> [DATA RECORDS]:
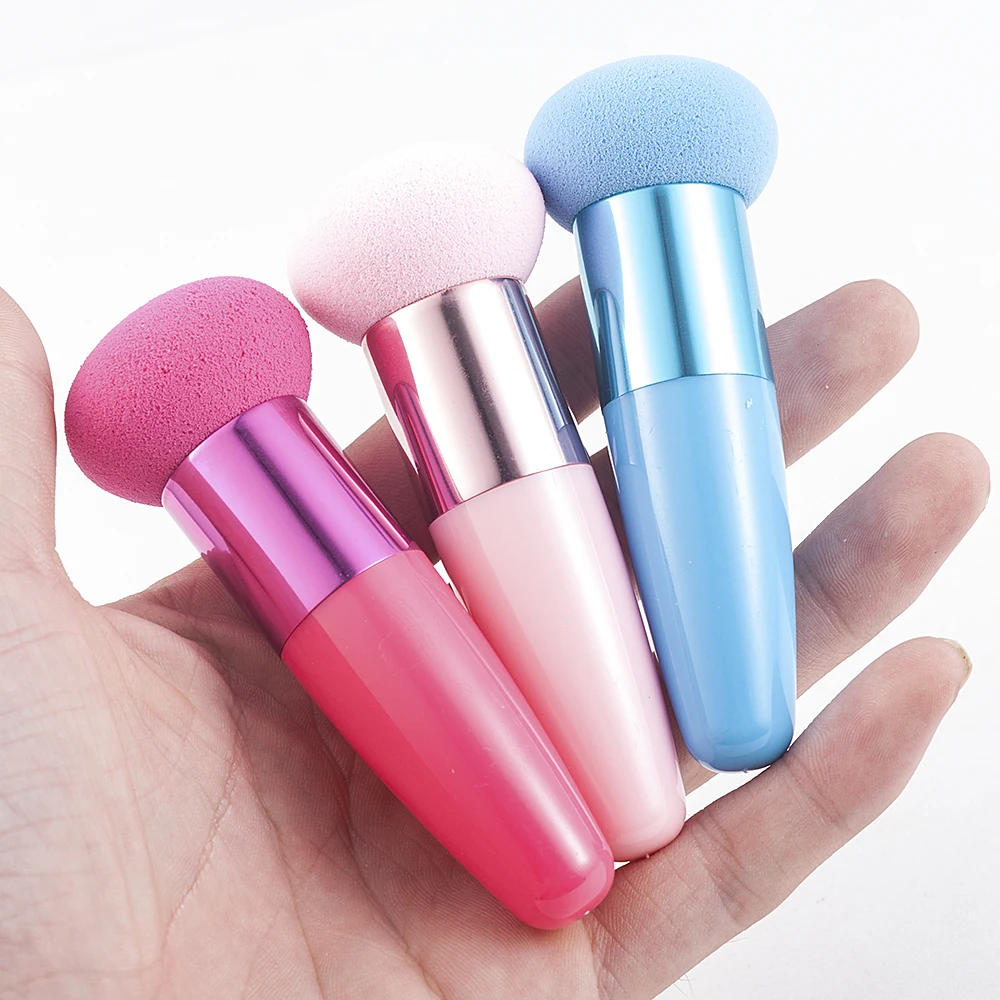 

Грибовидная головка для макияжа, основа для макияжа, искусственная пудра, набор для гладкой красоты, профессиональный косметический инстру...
==
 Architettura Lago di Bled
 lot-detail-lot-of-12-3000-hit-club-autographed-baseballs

> [WHAT THE TASK ASKS]: Beginning at the line with "Architettura Lago di Bled" and stopping after the line with "lot-detail-lot-of-12-3000-hit-club-autographed-baseballs", please write out every line of the data above exactly and nothing else.

> [SOLVED EXERCISE]:
 Architettura Lago di Bled
 lot-detail-lot-of-12-3000-hit-club-autographed-baseballs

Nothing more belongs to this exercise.